By Vaughan Roderick
BBC Welsh Affairs editor
Within minutes of Peter Hain's resignation the speculation began over who might succeed him and whether he might prove to be the last ever Secretary Of State for Wales.
Options for Welsh Secretary, but who will Gordon Brown choose?
The role of the Welsh Secretary has diminished considerably since the establishment of the Assembly and it has become effectively a part-time job.
It's been argued that a new cabinet post should be created combining the roles of the Welsh, Scottish and Northern Ireland Secretaries but it seems unlikely Gordon Brown will take such a radical step in a forced re-shuffle.
If the Prime Minister takes the usual route of selecting the Welsh Secretary from the ranks of existing ministers he will have to choose between Justice Minister David Hanson and Foreign Office Minister Kim Howells.
Dr Howells' outspoken opposition to the Labour/Plaid Cymru coalition in Wales could make for a rocky relationship with Cardiff Bay and it is possible that he himself wouldn't want the post.
Mr Hanson is a better bet and combining the Welsh Secretary and Northern Ireland Secretary's duties would provide a good fit for the Delyn MP who was previously a Northern Ireland minister.
Mr Brown could recall Torfaen MP Paul Murphy to ministerial office as a stop-gap measure until the next major re-shuffle.
If the Prime Minister took the unusual step of promoting a more junior minister to the cabinet the obvious candidate would be the schools minister Kevin Brennan.

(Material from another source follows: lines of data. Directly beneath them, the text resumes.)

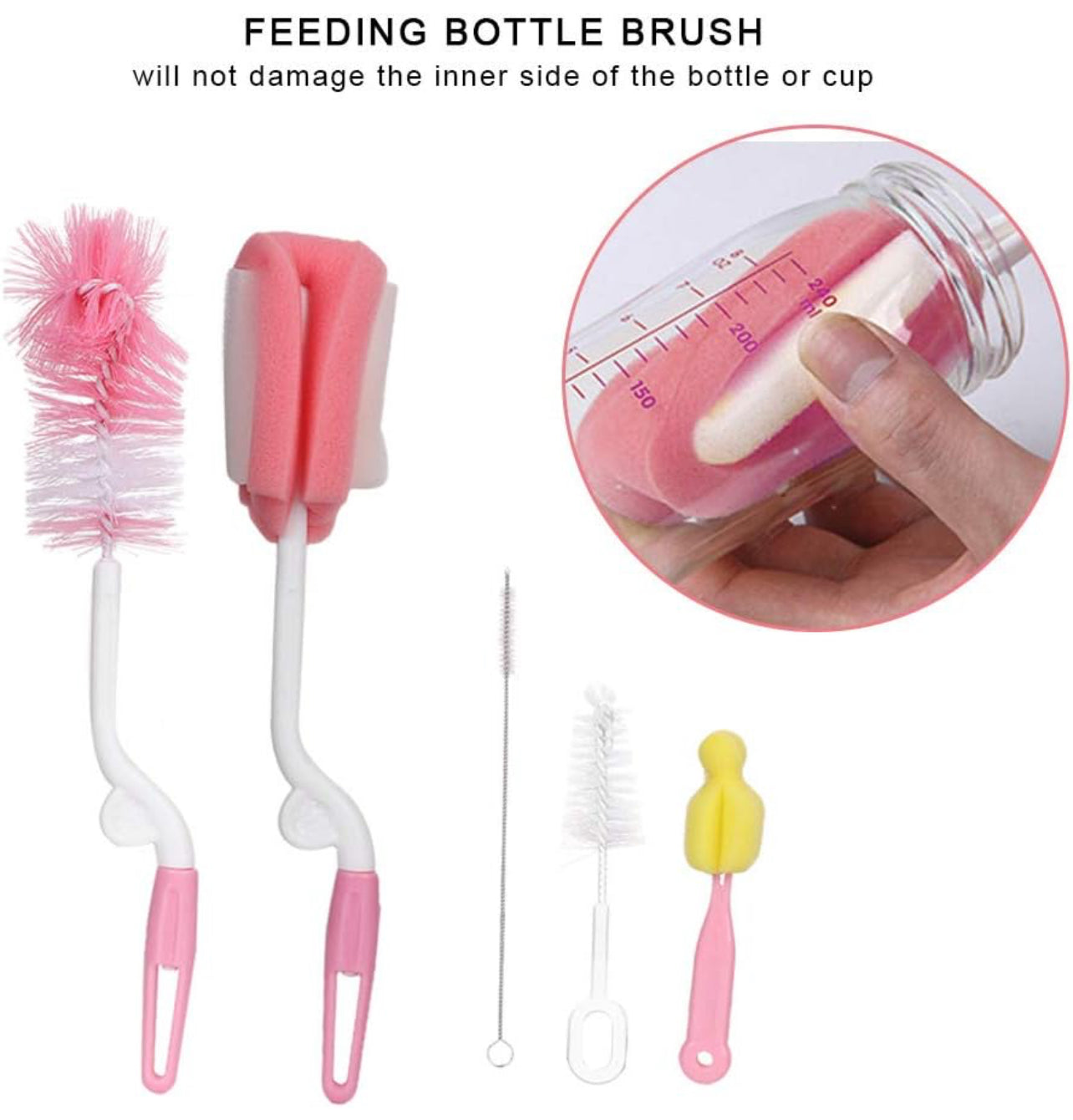 Bottle Brush, Practical 5 Pcs Feeding Bottle Cleaning Brush, Soft for Washing Cleaning Baby Bottle Feeding Bottle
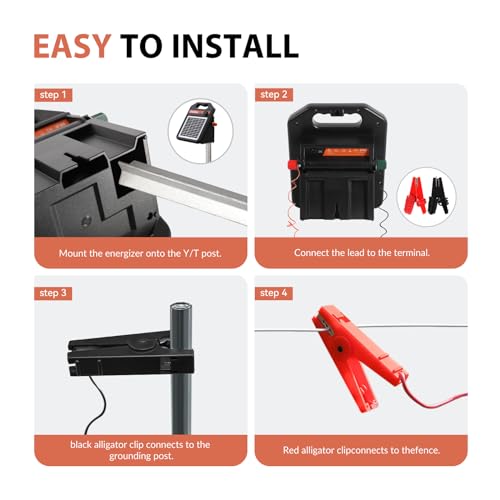 Solar Electric Fence Charger for Livestock, 0.25 Joule P470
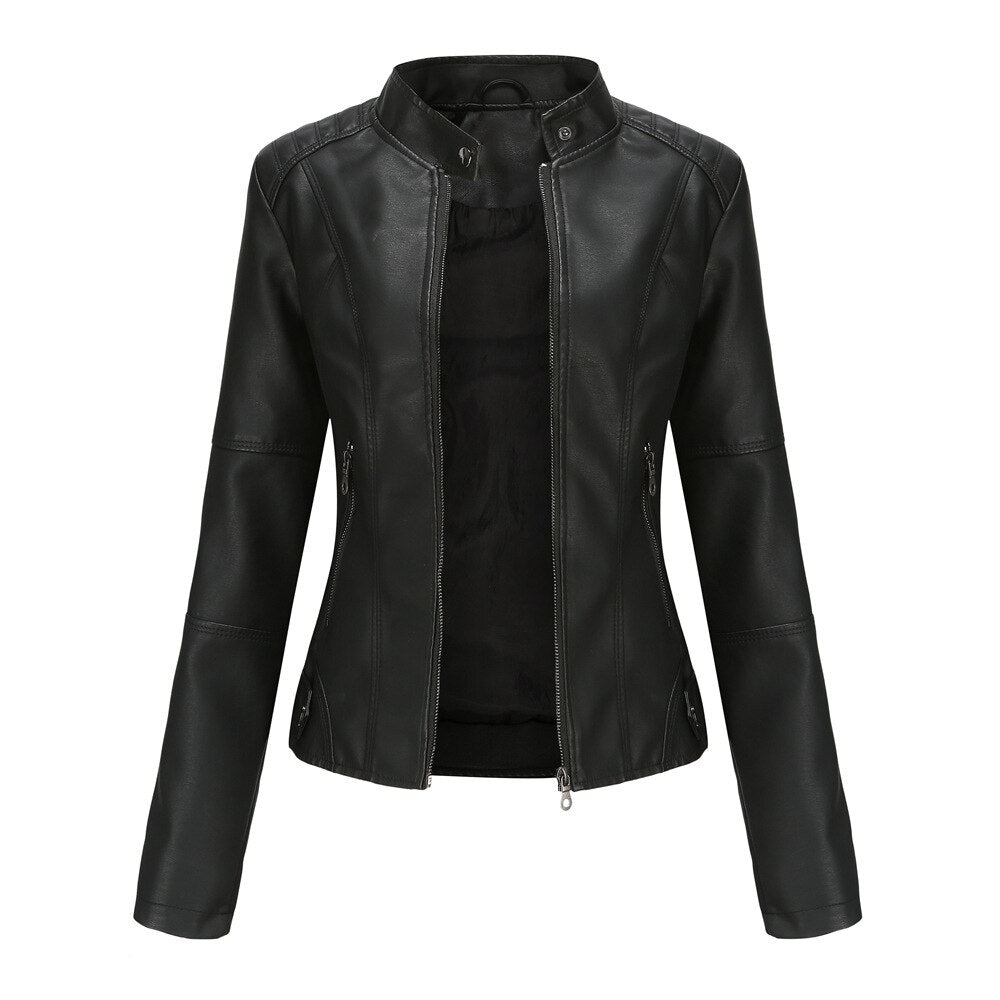 Leren Jas Dames Met Mao Kraag Stijlvol En Luxe Comfort - Winterjas Dames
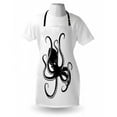 thumbnail image 4 of Octopus Apron, Monochrome Image of a Sea Animal Raising its Tentacles Ready for Attack, Unisex Kitchen Bib with Adjustable Neck for Cooking Gardening, Adult Size, White Charcoal Grey, by Ambesonne, 4 of 4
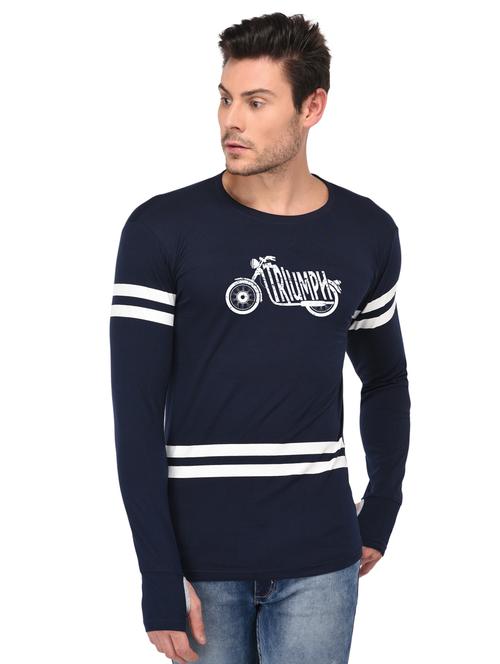 blue cotton thumbhole t-shirt - 15447105 - Standard Image - 1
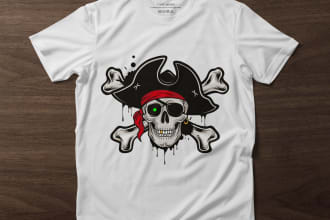 do vintage retro skull illustration for t shirt design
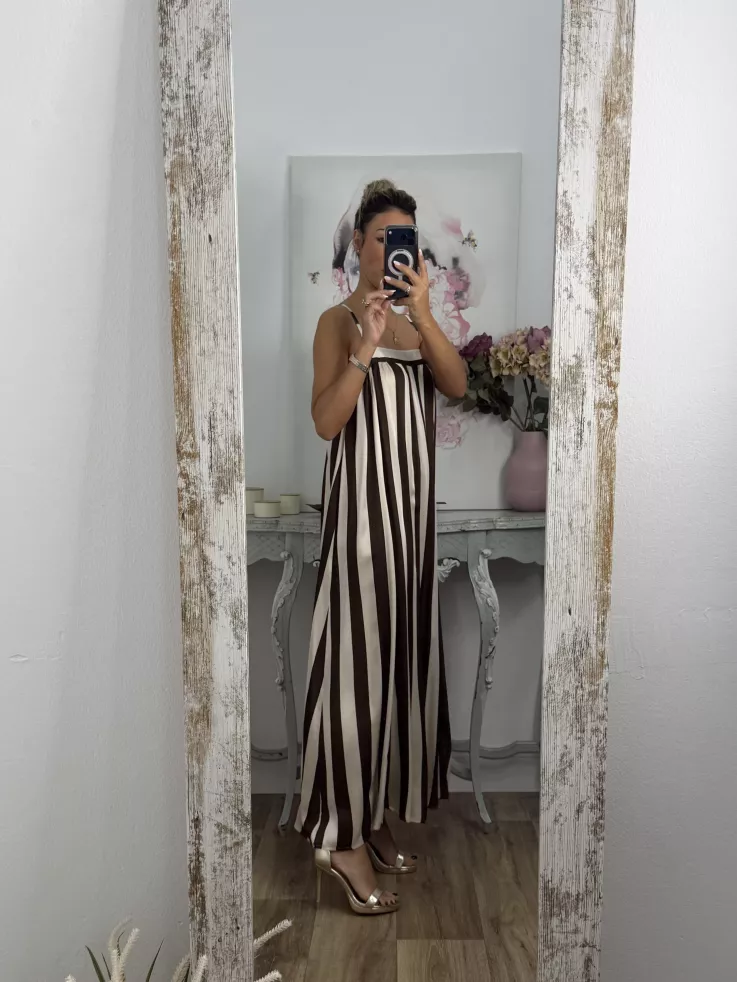 Vestido Mali de rayas choco y beige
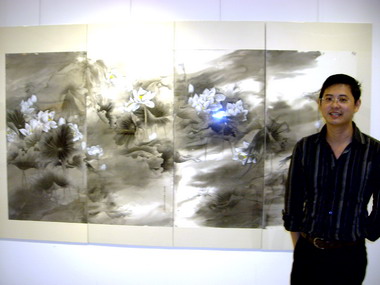 郭振坤膠彩、彩墨印象展即日起展出(圖)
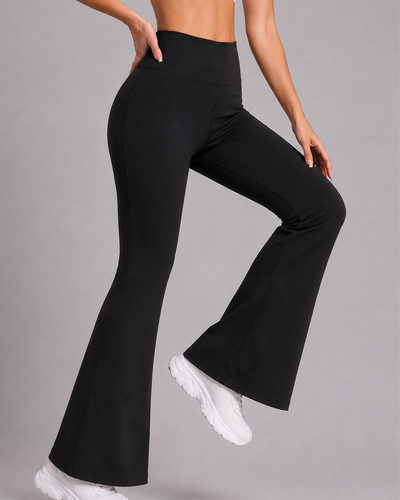 Black Flare Pants – Stretchable Bootcut Gym & Athleisure Leggings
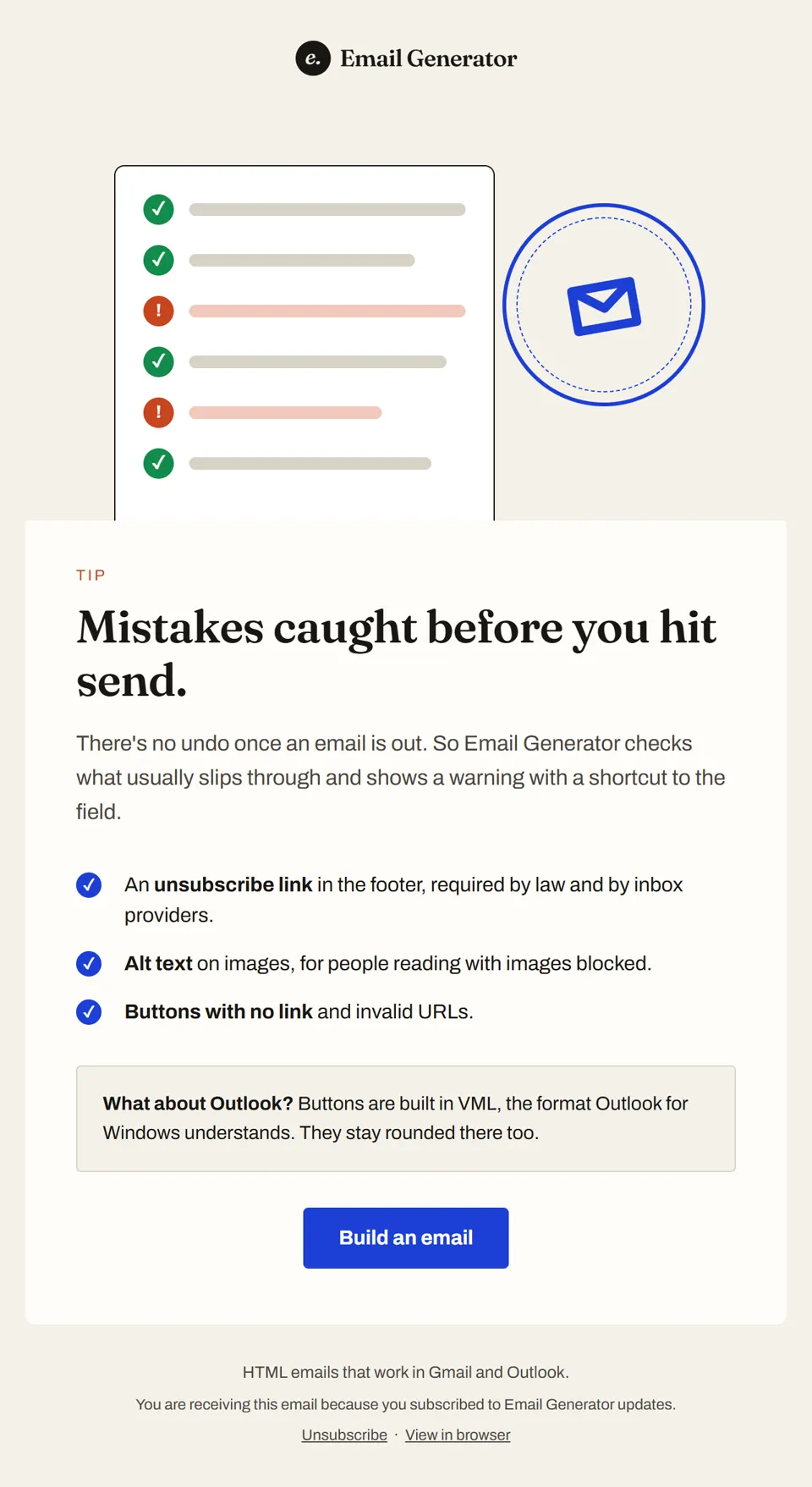 Preview of the email "Before you send, the generator checks your email"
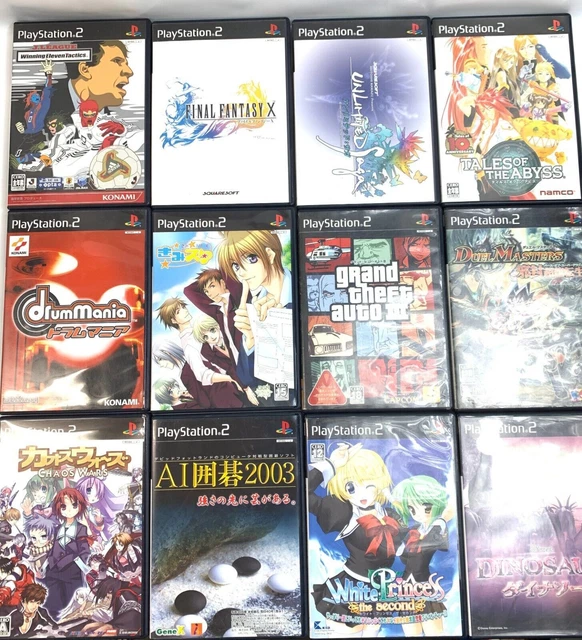LOT OF 12 SONY Play Station 2 JAPANESE GAME A GO  DINOSAUR FF DRUMMANIA SOCCER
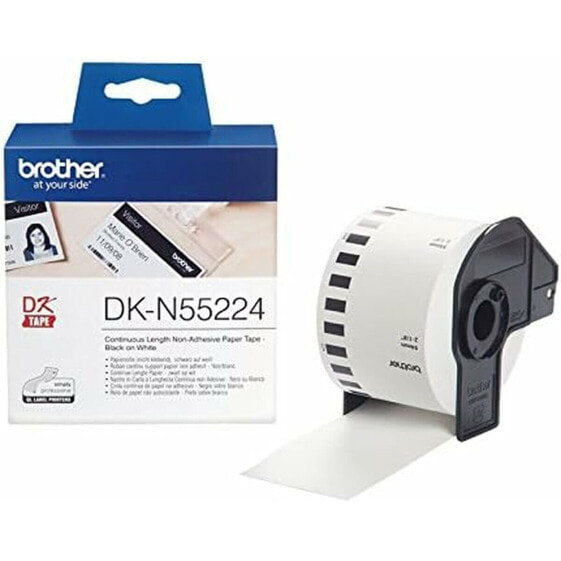 Непрерывная термобумага Brother DK-N55224 54 x 30,48 mm Белый Черный/Белый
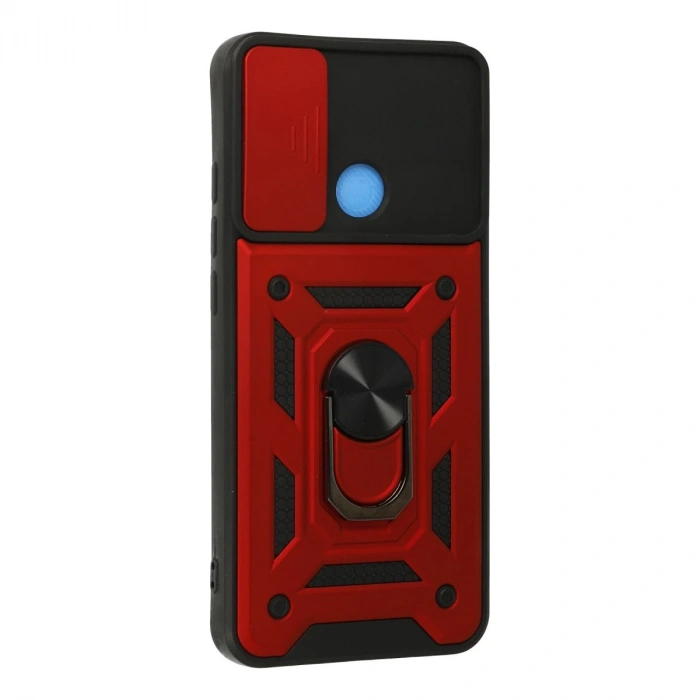 Xiaomi Redmi 9c Kılıf Pars Lens Yüzüklü Silikon - Kırmızı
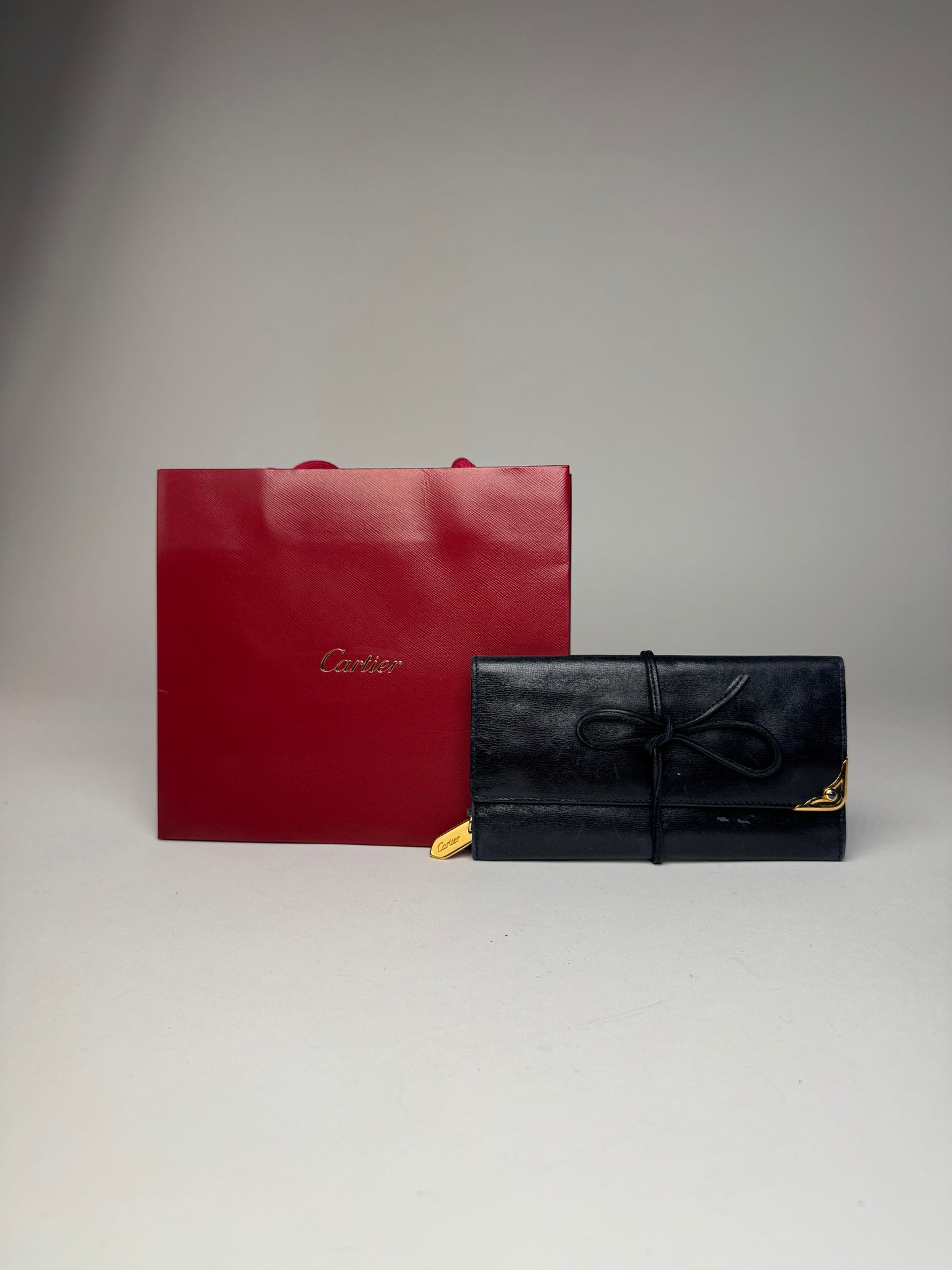 Vintage Cartier Leather Card  Holder Black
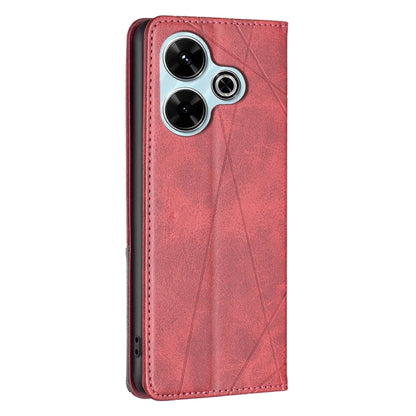 Red magnetic leather phone case with rhombus texture and camera cutout on back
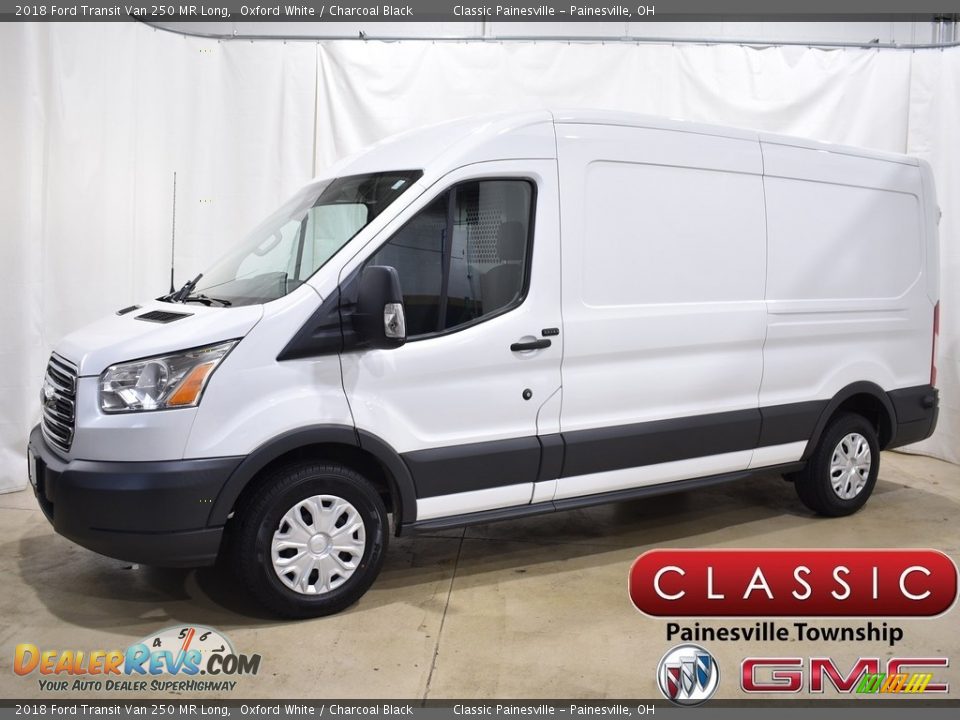 2018 Ford Transit Van 250 MR Long Oxford White / Charcoal Black Photo #1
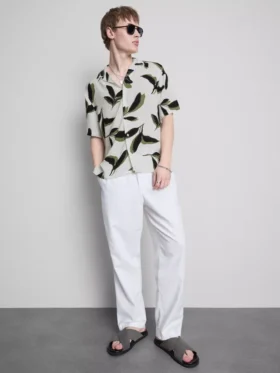Camisas botánicas de manga corta con botones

While Rhodri Morgan would be delighted to see his former researcher and advisor in the role Mr Brennan himself has told the BBC that he regards such a move as unlikely.
It is unlikely the appointment will be made without the new Welsh Secretary having responsibility in another area.
The final option for the Prime Minister would be to hand responsibility for the Wales Office to a minister outside the cabinet possible Mr Brennan or current Wales Office minister Huw Irranca Davies.
But that would certain to be met with accusations from the opposition that Wales was being downgraded and had lost its voice at the Cabinet table.